» PROBLEM REQUIREMENTS
Nothing outside the range is wanted. Repeat exactly the lines below from the one with "EUC Vera Bradley" through the one with "Đổ một ít muối".

» THE DATA
<<<<

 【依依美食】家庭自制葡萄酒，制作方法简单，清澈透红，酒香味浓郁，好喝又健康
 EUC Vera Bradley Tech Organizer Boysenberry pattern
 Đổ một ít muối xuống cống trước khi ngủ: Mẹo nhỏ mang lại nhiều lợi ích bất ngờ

>>>>
<<<<

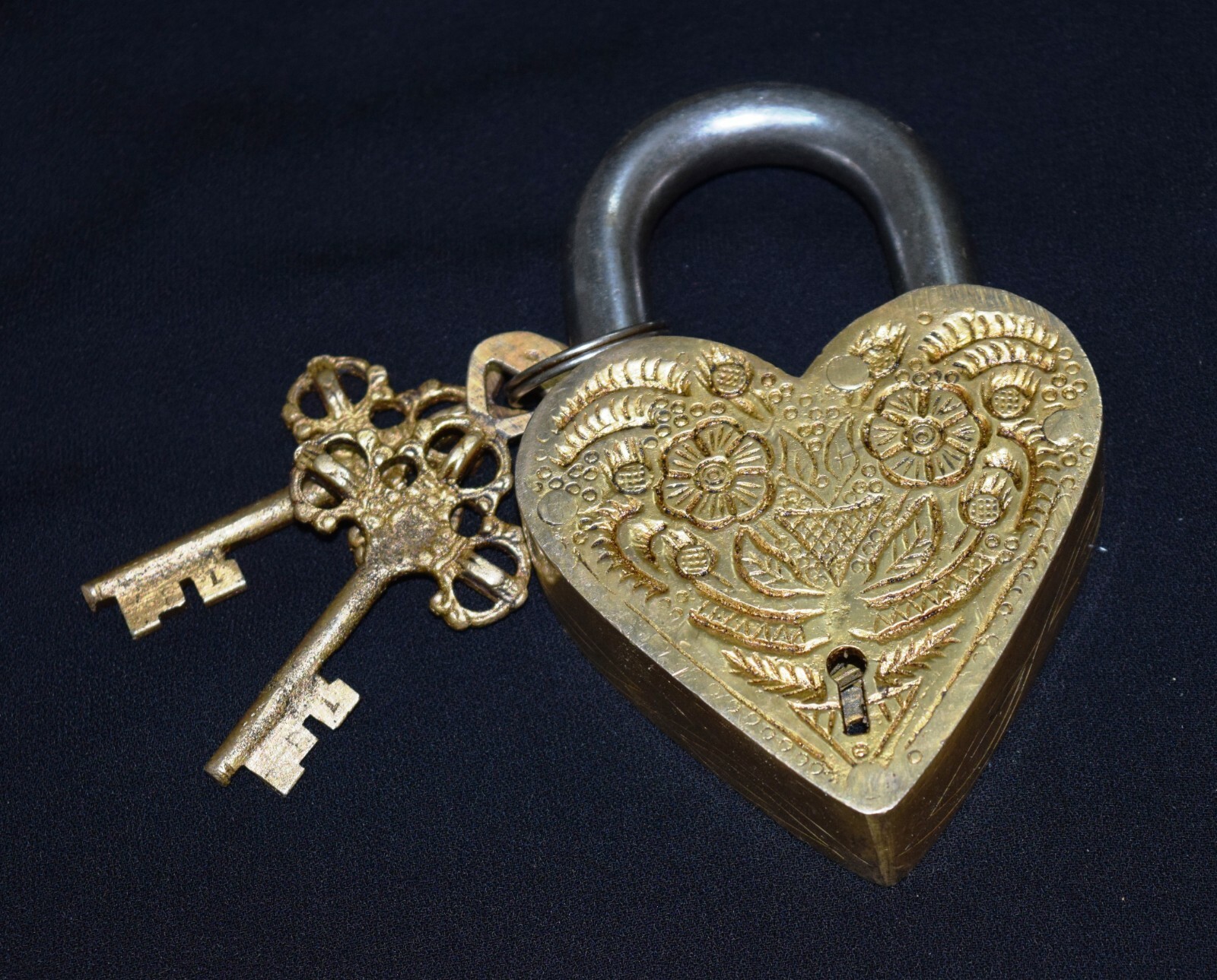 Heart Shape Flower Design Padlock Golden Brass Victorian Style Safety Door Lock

>>>>
<<<<

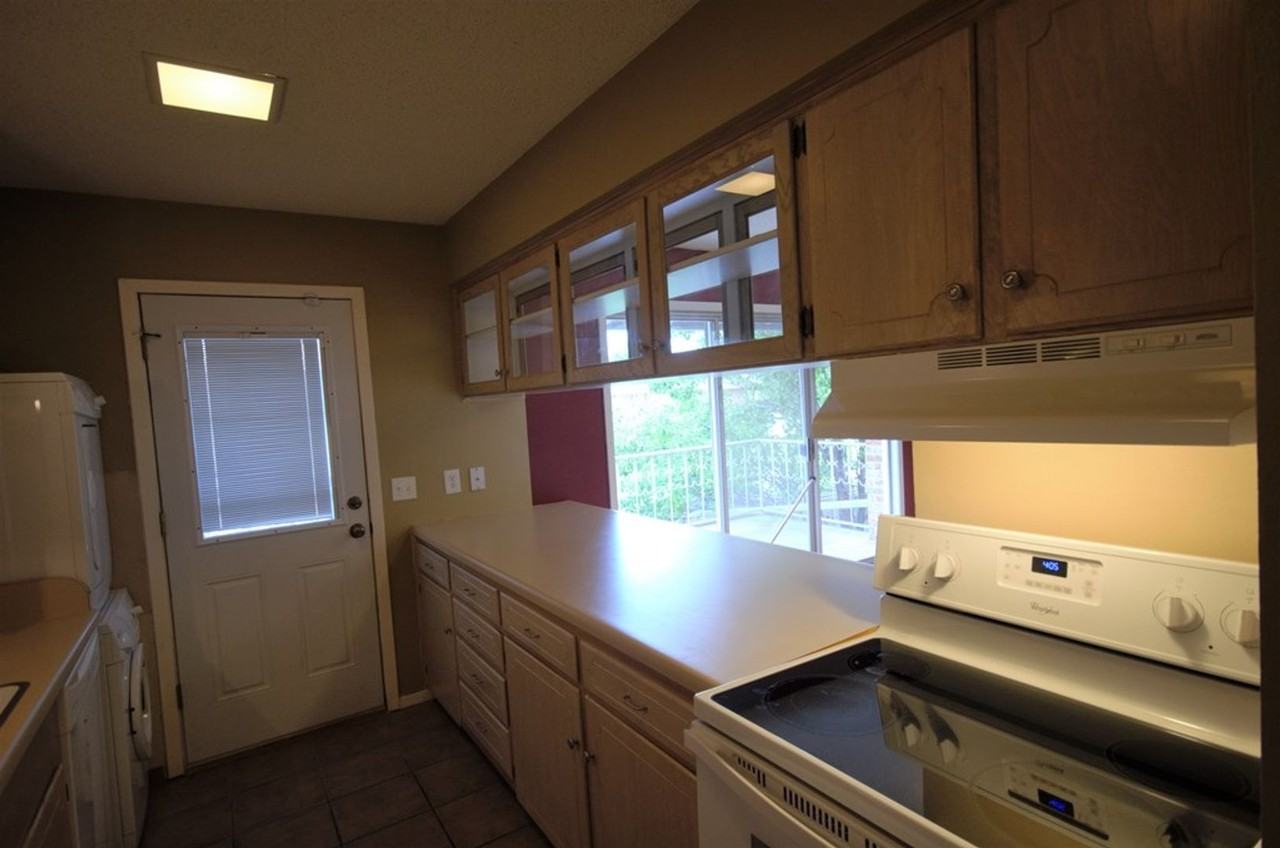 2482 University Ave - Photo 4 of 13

>>>>

» SOLUTION TO THIS EXERCISE
 EUC Vera Bradley Tech Organizer Boysenberry pattern
 Đổ một ít muối xuống cống trước khi ngủ: Mẹo nhỏ mang lại nhiều lợi ích bất ngờ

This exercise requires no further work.